Until I dig into it more and identify different requirements, a 12V 20A enclosed switching power supply is my initial selection. These can be had for under $40

 

modifying a computer PSU gives you enough power as well if you have an extra around. not having enough power seems to be many peoples problems

 

Looks like you have an awesome starting point!! There are a few boards out there that are 24+ volt compatible (I think Smoothieboard is good for 24v, I think Duet is 36v tolerant). I have a Duet and am not very thrilled with it - firmware is a bit of a pain and support is not readily available. Ramps probably has the best support from the community as there are so many out there, but it may only be 12v capable. 24v is really plenty for a printer. Axis move speed isn't super important because you are limited on how fast you can extrude accurately, so additional voltage only gets you faster rapids, which is nice, but probably not nice enough to be worth a bunch of effort. Yes, the torque curve is better at higher voltages, but again, on a 3d printer, you are really just moving the carriage and it's associated weight around, not like on your mill where machining forces require extra torque on top of what it takes to move the axis.

 

I see I left the hot ends out of the power requirement. +30 Amps
Inertia should not be a problem if the "RAMPS" actually ramps; some sort of adjustable acceleration ramping should be included in the motion planner. I assume set acceleration is an axis-specific value in the Arduino that needs to be updated depending on machine performance?
Regular searches don't seem to turn up the best information on 3d printers. There is way too much promotional hype and clutter and re-sellers concealing any good useful content that may be out there. Any good pages you guys like that explain how this stuff works?

 

^^ +1. One of the pages I found useful at first is the List Of Electronics

 

I agree. I bought a 24v 13 amp power supply for about $50 from Circuit Specialists. It has overcurrent, over temperature and short circuit protection. So very hard to break with a stupid connection.
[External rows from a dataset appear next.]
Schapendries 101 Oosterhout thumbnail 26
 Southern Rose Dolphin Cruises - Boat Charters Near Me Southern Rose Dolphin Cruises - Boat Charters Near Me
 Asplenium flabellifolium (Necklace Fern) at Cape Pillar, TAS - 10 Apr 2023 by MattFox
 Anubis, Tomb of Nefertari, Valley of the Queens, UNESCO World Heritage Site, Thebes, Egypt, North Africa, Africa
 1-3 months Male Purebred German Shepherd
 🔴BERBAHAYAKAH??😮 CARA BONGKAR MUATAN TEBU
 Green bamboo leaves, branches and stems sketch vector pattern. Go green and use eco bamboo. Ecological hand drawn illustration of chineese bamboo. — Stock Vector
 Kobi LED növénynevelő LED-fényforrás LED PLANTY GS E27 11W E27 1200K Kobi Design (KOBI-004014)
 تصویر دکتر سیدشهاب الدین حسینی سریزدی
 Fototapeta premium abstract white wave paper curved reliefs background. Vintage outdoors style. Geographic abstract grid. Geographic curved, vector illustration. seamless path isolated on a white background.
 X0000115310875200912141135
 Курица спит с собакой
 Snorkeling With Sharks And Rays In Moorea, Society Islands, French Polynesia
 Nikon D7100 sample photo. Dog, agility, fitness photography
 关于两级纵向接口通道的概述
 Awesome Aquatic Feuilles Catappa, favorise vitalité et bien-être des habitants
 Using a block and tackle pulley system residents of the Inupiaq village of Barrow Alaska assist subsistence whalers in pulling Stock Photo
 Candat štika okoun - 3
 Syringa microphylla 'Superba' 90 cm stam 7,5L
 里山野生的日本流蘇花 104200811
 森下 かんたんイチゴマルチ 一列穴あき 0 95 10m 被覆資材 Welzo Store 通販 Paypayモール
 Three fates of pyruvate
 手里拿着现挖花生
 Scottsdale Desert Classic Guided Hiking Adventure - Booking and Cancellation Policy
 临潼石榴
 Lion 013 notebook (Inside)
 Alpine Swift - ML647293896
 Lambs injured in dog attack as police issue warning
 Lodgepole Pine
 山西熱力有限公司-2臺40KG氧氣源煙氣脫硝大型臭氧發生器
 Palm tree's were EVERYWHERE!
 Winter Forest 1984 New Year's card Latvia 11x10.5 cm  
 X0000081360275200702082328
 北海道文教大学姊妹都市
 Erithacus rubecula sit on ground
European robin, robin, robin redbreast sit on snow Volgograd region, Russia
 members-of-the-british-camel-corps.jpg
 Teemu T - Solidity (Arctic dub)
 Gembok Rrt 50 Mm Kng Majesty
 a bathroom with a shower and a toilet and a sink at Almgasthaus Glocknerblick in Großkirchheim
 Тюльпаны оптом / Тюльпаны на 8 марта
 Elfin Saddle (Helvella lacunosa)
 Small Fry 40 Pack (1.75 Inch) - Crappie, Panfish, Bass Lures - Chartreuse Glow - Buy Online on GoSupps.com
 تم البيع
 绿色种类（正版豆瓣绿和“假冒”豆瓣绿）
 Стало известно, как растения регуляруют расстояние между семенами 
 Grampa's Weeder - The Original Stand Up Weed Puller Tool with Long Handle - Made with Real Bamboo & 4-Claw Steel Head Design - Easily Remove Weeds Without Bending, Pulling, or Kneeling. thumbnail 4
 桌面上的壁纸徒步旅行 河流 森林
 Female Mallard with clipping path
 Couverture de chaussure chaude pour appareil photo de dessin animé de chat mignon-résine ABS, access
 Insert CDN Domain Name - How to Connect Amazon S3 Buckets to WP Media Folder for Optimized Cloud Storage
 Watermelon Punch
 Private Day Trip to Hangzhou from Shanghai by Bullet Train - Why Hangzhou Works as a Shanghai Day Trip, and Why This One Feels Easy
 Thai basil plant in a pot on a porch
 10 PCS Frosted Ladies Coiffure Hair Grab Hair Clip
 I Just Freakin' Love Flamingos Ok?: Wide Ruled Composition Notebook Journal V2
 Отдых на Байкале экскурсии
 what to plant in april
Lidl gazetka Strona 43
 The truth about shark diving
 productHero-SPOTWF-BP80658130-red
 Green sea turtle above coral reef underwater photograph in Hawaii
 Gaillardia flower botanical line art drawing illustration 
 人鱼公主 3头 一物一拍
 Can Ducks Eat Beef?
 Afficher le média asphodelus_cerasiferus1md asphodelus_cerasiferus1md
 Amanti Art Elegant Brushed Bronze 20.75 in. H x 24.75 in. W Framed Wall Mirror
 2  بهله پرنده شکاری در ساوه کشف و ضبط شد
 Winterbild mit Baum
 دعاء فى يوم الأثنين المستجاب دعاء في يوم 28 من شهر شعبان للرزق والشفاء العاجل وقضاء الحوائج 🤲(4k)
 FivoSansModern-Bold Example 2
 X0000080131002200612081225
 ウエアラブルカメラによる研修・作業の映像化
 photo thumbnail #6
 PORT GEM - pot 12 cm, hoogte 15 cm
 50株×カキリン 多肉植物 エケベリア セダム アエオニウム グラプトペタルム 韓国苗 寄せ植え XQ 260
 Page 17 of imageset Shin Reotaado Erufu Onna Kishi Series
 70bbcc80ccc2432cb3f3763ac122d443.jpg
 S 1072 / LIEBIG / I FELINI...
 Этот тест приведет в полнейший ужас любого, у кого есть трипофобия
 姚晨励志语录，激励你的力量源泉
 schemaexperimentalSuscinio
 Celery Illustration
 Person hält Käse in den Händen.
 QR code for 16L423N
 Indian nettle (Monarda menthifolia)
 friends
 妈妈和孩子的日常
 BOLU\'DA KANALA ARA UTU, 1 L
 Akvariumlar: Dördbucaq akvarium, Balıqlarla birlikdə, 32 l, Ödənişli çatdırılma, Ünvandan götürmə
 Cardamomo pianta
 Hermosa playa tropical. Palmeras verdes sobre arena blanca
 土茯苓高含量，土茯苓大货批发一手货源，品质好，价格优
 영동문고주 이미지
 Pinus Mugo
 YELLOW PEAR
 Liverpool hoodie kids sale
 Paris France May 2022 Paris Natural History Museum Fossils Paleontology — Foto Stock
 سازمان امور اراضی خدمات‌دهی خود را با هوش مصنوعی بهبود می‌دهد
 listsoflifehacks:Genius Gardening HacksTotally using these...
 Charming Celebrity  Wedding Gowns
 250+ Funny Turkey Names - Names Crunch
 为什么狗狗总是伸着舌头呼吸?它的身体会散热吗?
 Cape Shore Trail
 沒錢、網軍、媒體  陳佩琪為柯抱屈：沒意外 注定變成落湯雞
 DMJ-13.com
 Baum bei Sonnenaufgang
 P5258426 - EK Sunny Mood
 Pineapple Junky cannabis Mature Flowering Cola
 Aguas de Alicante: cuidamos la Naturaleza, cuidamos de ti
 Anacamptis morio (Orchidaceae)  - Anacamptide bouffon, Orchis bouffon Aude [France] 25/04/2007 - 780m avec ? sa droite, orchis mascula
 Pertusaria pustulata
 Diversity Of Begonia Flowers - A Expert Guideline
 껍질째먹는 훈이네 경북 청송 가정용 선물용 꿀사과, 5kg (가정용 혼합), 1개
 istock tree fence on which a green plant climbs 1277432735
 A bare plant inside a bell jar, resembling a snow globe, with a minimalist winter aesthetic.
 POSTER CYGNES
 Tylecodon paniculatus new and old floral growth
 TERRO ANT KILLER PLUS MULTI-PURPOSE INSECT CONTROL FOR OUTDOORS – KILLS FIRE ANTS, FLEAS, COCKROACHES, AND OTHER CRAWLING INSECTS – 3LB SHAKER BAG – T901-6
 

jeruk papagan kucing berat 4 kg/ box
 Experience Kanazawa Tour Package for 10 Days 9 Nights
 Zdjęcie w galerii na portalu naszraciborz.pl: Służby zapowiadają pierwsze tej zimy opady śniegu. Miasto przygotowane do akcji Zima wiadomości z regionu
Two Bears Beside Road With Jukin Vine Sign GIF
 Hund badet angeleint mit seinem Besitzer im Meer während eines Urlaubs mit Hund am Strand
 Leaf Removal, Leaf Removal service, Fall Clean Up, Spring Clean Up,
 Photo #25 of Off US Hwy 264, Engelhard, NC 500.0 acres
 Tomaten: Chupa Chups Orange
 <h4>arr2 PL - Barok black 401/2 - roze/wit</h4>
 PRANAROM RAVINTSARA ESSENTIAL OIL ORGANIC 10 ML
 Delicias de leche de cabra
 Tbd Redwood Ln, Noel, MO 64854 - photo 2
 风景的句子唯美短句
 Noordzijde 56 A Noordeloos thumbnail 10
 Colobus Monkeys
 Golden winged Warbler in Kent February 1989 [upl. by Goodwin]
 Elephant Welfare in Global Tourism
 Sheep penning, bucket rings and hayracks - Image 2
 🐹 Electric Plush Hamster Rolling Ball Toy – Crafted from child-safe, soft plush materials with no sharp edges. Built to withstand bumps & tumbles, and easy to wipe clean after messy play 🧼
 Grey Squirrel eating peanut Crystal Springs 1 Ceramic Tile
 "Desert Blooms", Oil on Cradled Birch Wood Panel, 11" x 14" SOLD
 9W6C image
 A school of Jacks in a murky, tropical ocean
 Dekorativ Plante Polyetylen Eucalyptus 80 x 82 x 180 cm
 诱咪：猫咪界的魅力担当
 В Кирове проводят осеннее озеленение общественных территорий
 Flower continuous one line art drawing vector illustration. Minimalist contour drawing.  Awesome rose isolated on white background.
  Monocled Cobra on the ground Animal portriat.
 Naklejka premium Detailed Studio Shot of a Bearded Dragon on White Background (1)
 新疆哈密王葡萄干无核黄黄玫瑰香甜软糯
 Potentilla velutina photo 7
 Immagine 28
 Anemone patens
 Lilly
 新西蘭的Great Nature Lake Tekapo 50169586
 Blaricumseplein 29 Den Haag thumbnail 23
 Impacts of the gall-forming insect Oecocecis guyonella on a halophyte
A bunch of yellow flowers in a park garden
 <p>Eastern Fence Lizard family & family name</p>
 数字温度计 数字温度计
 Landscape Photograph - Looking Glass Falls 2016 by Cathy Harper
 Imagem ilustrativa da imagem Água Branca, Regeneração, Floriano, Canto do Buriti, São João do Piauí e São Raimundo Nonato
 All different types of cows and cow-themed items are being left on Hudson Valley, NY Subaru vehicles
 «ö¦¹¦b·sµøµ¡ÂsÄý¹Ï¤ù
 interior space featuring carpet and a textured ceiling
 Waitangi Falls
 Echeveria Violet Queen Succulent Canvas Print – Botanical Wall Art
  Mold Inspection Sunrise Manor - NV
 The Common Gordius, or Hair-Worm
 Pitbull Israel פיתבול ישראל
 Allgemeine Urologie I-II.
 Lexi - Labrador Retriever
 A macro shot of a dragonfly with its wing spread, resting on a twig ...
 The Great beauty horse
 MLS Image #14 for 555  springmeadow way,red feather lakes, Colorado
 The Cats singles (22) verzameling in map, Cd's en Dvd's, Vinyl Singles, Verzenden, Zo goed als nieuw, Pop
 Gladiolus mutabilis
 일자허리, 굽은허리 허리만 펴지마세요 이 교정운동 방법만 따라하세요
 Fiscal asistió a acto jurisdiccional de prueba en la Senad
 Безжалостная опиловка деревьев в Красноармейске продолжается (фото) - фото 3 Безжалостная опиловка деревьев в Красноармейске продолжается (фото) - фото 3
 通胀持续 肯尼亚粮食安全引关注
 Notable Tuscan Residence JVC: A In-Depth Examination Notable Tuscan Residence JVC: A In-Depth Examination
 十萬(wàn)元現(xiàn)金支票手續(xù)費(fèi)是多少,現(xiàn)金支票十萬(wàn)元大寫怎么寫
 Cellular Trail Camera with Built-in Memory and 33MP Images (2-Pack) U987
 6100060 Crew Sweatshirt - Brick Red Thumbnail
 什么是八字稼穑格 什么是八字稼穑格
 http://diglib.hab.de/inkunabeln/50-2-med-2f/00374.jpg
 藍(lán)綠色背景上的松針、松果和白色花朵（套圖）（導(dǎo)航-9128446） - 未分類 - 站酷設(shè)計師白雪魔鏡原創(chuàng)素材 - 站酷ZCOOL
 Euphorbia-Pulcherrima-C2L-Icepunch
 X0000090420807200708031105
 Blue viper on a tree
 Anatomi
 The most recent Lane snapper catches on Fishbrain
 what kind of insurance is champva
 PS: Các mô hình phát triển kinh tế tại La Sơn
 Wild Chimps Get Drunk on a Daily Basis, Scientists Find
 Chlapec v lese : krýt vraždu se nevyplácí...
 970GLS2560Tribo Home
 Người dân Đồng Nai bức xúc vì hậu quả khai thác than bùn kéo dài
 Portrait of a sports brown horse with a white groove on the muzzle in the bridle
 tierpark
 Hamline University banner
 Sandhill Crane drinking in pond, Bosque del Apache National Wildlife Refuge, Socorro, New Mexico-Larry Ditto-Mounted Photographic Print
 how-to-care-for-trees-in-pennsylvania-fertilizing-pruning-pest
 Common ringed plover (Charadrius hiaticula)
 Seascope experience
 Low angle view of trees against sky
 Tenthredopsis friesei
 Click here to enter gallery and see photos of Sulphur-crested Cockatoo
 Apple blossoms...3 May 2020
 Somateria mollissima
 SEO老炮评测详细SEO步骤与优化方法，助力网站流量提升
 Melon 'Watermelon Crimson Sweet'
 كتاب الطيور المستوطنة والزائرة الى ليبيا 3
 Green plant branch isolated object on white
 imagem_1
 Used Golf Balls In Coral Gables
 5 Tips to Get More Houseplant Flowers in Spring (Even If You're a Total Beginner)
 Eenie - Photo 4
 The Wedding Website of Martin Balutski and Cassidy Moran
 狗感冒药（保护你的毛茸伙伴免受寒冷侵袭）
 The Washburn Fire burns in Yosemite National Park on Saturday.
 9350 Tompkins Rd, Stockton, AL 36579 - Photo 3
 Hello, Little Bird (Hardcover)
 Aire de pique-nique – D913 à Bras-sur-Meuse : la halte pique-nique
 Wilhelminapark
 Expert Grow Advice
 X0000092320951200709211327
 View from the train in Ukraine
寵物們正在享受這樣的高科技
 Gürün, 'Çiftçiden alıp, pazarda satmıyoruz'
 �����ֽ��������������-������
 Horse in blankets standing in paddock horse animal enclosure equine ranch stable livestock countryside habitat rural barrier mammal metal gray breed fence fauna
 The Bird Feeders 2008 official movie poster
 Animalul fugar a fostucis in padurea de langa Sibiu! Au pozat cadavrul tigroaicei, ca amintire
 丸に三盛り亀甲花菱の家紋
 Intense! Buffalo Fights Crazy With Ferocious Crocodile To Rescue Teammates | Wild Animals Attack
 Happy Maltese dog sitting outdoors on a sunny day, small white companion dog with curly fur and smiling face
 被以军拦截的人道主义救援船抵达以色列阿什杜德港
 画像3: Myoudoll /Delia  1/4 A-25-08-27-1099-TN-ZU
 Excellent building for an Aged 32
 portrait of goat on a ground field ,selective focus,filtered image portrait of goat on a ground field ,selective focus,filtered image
I use 24 volts and recommend it. You will find that a lot of Reprappers are scared of 24 volts and will recommend 12 volts, particularly with RAMPS. 48 volts may be a bit much. First, your stepper drivers are not rated for it. The most common stepper driver chips are the A4988 and the DRV8825 which have maximum voltages of 35 and 45 volts respectively. Second, you will have a hard time finding a heated bed rated for 48 volts, while beds with dual 12v/24v circuits are common.

Components on cheap RAMPS boards are very suspect at 24 volts so I took an unconventional approach on mine. I bought the board bare from Ultimachine.com for $10. So I know I started with a quality board. Then I ordered all the components from Mouser for <$20. I purchased 50 volt capacitors, better FETs, etc. I left the PTC fuses off completely and protected the board with an external circuit breaker. For the power to the Arduino MEGA2560 board I bought small 3 Amp adjustable regulator.

If you don't want to go to that much effort you can use a regular RAMPS board by replacing the PTC fuses, removing diode D1, and verifying that the capacitors are rated for more than 24 Volts before you buy.

 

And you can run the MEGA2560 board off USB as long as you don't have an LCD screen installed. With the screen y0u would need a separate power supply.

 

24 volts gives you twice the power, so they are faster and have more torque. For lightweight machines you may not notice a big difference. On this heavier machine I think you will, I sure noticed the speed difference on my mill. 24 volts on the heat bed also cuts the amps in 1/2... I can put my finger on the bed FET and it is barely warm.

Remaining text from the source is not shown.